We explore how ScaleR could be used to speed up execution on a local work station. Like the first scenario, execution is memory bound, but ScaleR enables multi-threading (currently only up to 2 threads) and it is able to analyze data blocks at a time in parallel. These High Performance Computing (HPC) capabilities helps scale computations without increasing memory. Also, ScaleR could be used to significantly reduce the size of datasets enhancing in-memory computation performance.

Context III

The third context will focus on analyzing SQL Server data remotely. This is a scenario where data in SQL Server running R Services is analyzed in-database on the server. Here, computations are performed at the location of the data. Unlike the memory bound analysis in the previous contexts, computations with MRS and ScaleR in a remote compute context enables full parallel threading & processing. This context could scale to really Big Data computations remotely and distribute them across a cluster of computers (nodes) if available on RDBMs, EDWs, Hadoop and the Cloud.
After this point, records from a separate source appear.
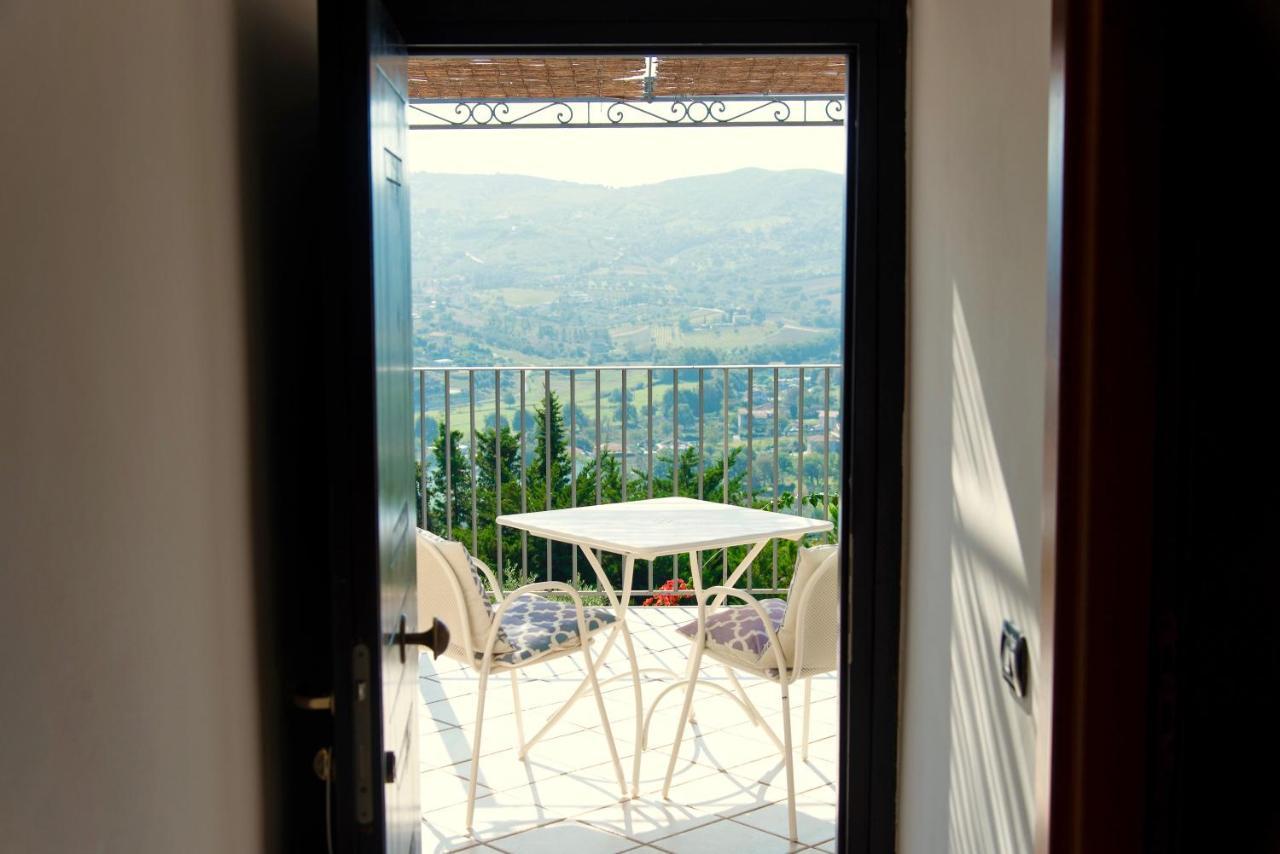 B&B Baia Di Trentova Агрополи Экстерьер фото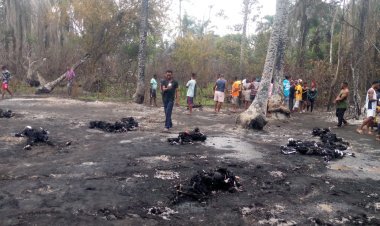 Nijerya'da kaçak petrol deposunda patlama: En az 100 Ölü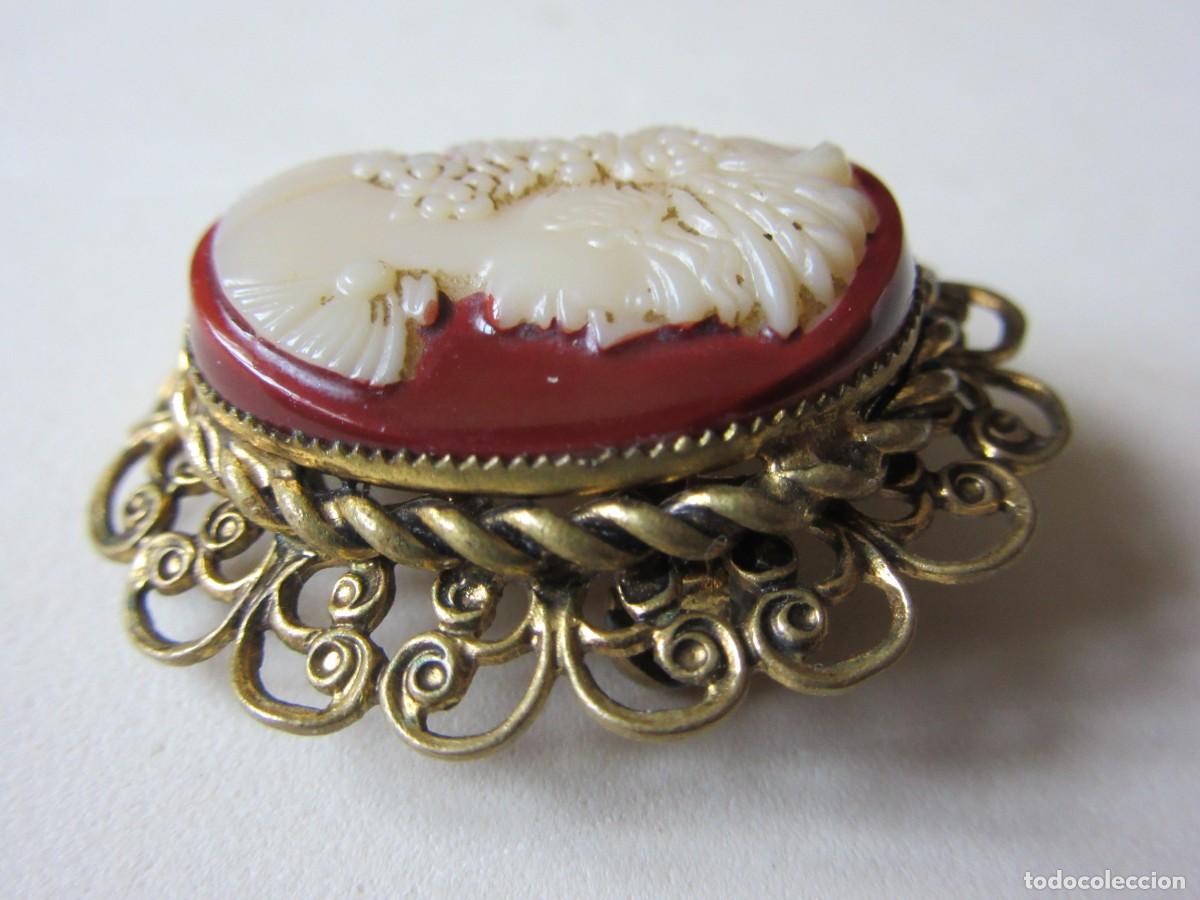 Joyeria: REPLICA BROCHE CAMAFEO - Foto 4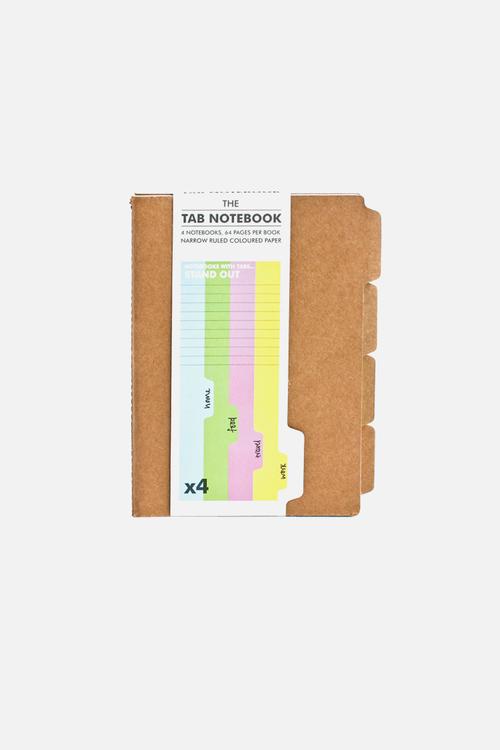 The Tab notebook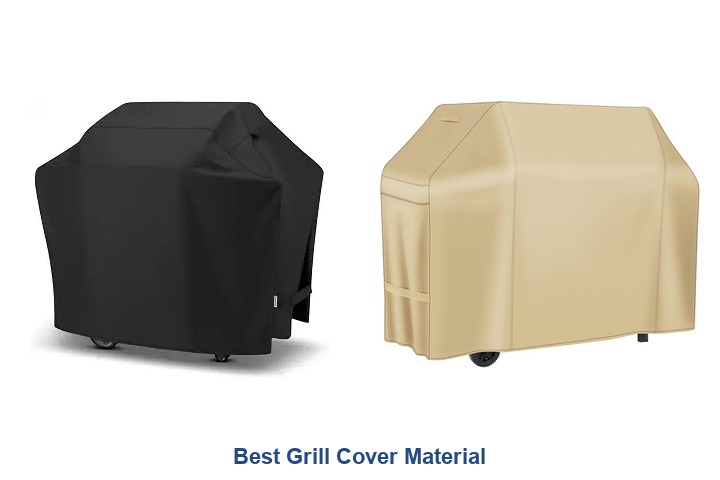 best grill cover material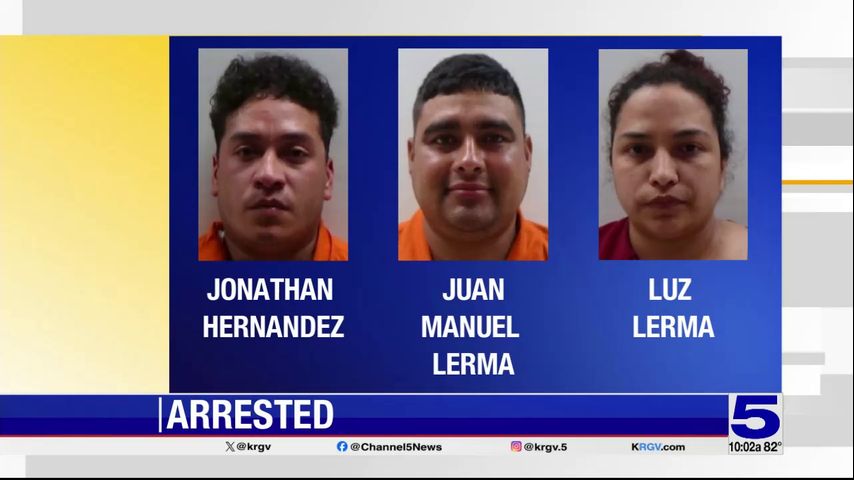 Three suspects arrested for allegedly trespassing, pointing gun at man in San Benito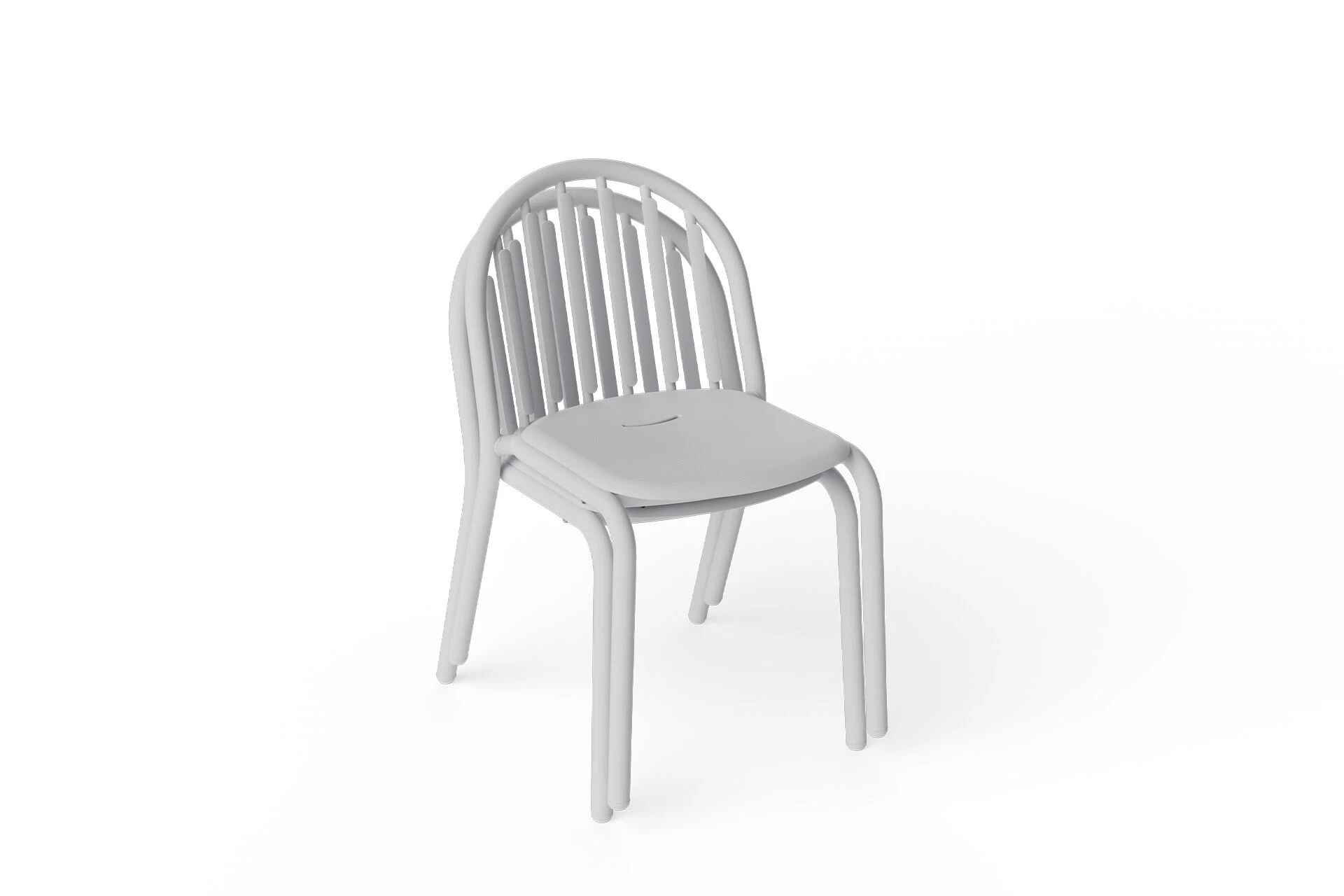 fatboy Gartenstuhl Fred'S Chair Set (2 Pcs) light grey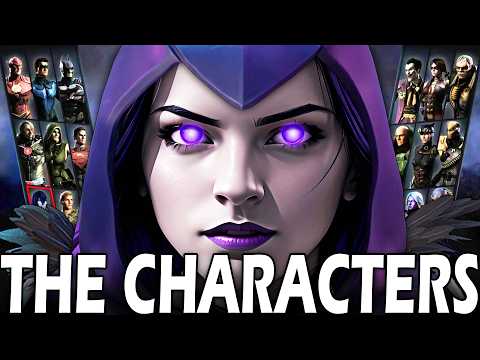 Injustice 3 Characters Tier List!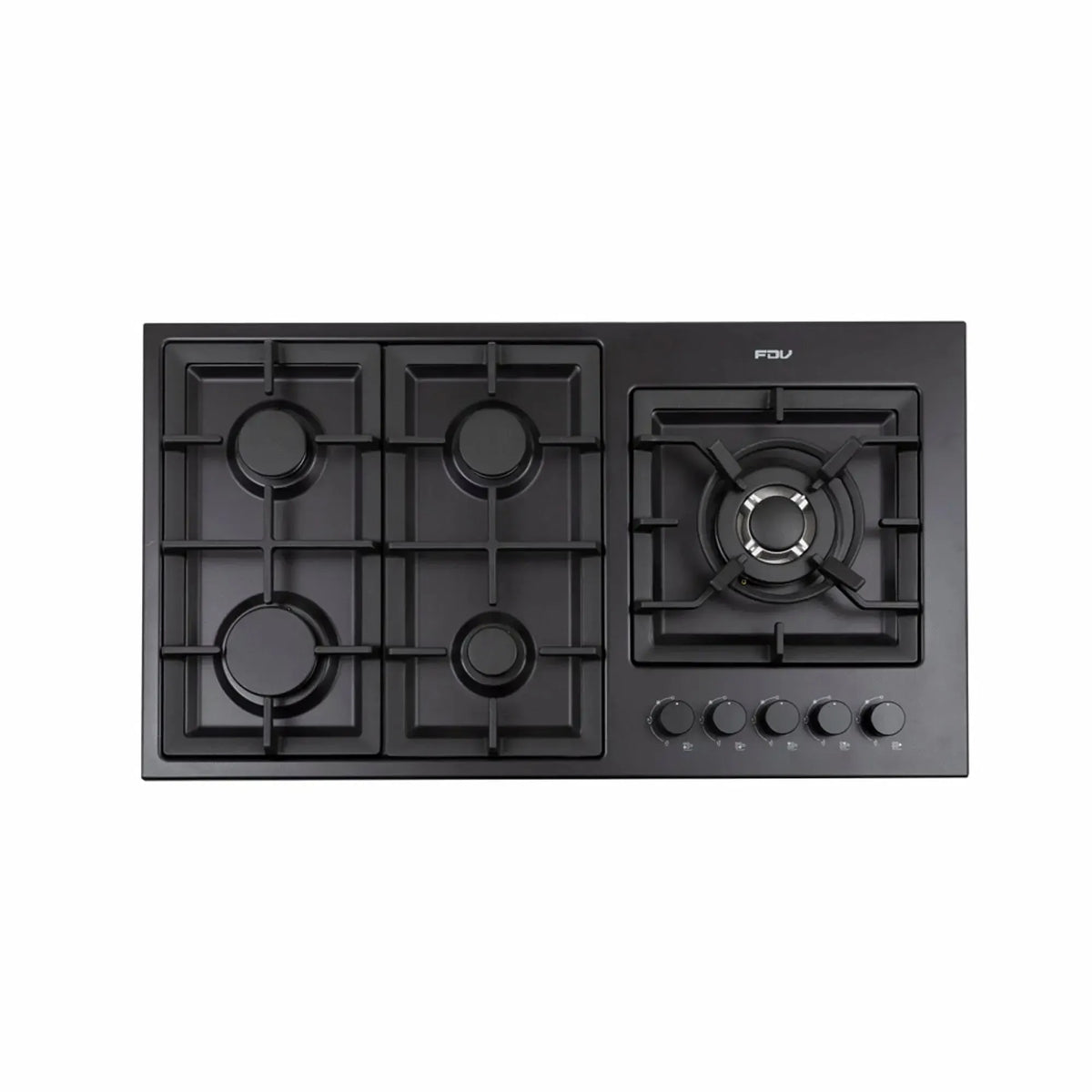 Encimera a Gas Elite 5 Quemadores 95 cm FDV Deluxe - Caja Dañada-Encimeras a Gas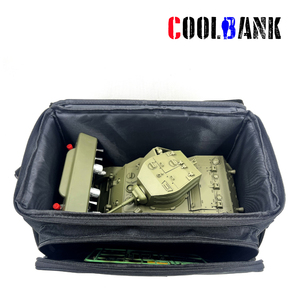 Bolsa de gimnasio pequeña Coolbank, mini bolsa de lona ligera de 12 pulgadas para llevar en tanque, deporte de viaje, negro - Product Image 3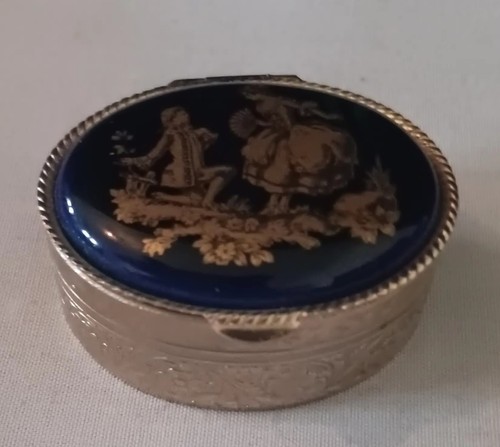 Vintage schmuckdose oder - vintage-schmuckdose,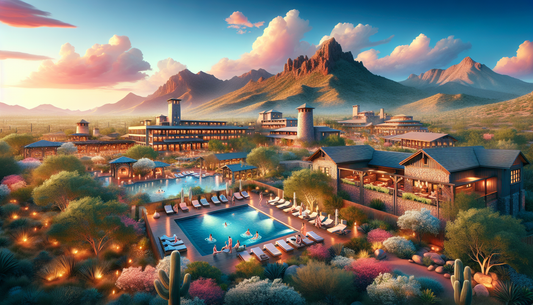 Discover Arizona's Hidden Gem: Castle Hot Springs Resort
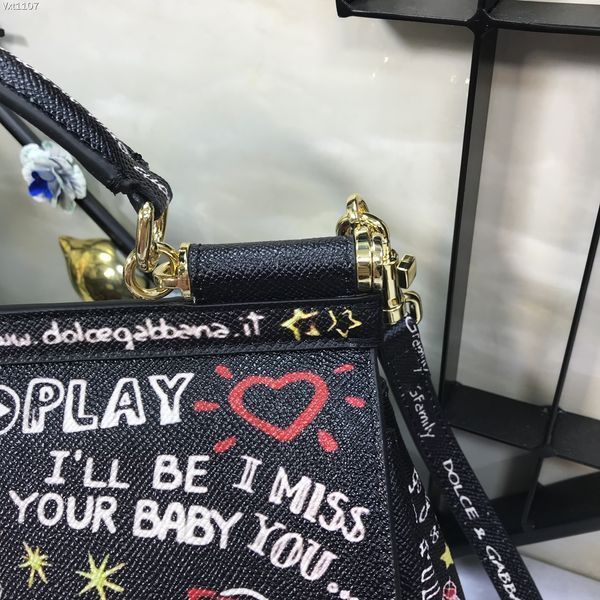 D*olce&G*abbana Top Bag 25*20*12cm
To follow the examples, I recommend starting with the free Microsoft R Client especially those new to Microsoft R. It gives you Microsoft R Open (MRO) with full support of all base R functions so that you can write R-only solutions, but it also ships with Microsoft R proprietary packages, including the new MicrosoftML package, olapR, mrsdeploy, and the RevoScaleR packages which exposes the ScaleR. You can integrate it with an R IDE of your choice, e.g. Rstudio or R Tools for Visual Studio (RTVS). We will need to run R code in SQL Server, be sure to install R Services as described here.

In the examples I will use the RStudio IDE on my local machine which is running the Microsoft R Client.To test the third scenario, I will connect to a remote SQL Server running R Services. All R and SQL script used for the exercises that follows are in the attached files.

Intro to Data Science Concepts

I titled the series "Advanced Analytics with SQL Server and R…." because with SQL Server and R ( or with only SQL Server today) one could accomplish many Advanced Analytics exercises in Data Science including data preparations, exploratory data analysis, statistical modelling, machine Learning and many more (as outlined on figure1 and figure6 in Part I of the series).

Predictive Analytics

Predictive Analytics is a comprehensive exercise that comprises of many phases. Normally the objective is to be able to predict a response variable using selected predictors as we will see in the example that follows. Predictive modeling problems are mostly defined by their width i.e. the number of potential predictors (columns) and their depth or number of observations or cases (no of rows) in the data set. It is usually the number of potential predictors that gives Data Scientist and analysts the most grief. Depending on the domain or vertical there could be could be thousands of predictors, most of them with weak relationships to the response variable. In the exercises that follow we will be fortunate because we will use about 12 selected predictor out of only a handful. A Predictive Analytics problem for a manufacturer that a team and I worked on had over 1500 predictors. Theerefore the bulk of Predictive modeling process could often involves finding good subsets from numerous predictors.

Note that depending on the business or analytics objectives, a data scientist could be call upon to build various other types of models, a scope too big to discuss here. Predictive Models which are as a result of Predictive Analytics exercises are usually algorithmic models. These models are not used for inferences like other statistical models therefore the way the predictors interact with the response variable is of not much importance. Normally the objective is to find the model that can make the best prediction.

At a high-level, the three major phases in a Predictive Analytics iterative lifecycle are as summarized in the steps in Figure 1 below;

Figure 1: Showing a typical Predictive analytics lifecycle.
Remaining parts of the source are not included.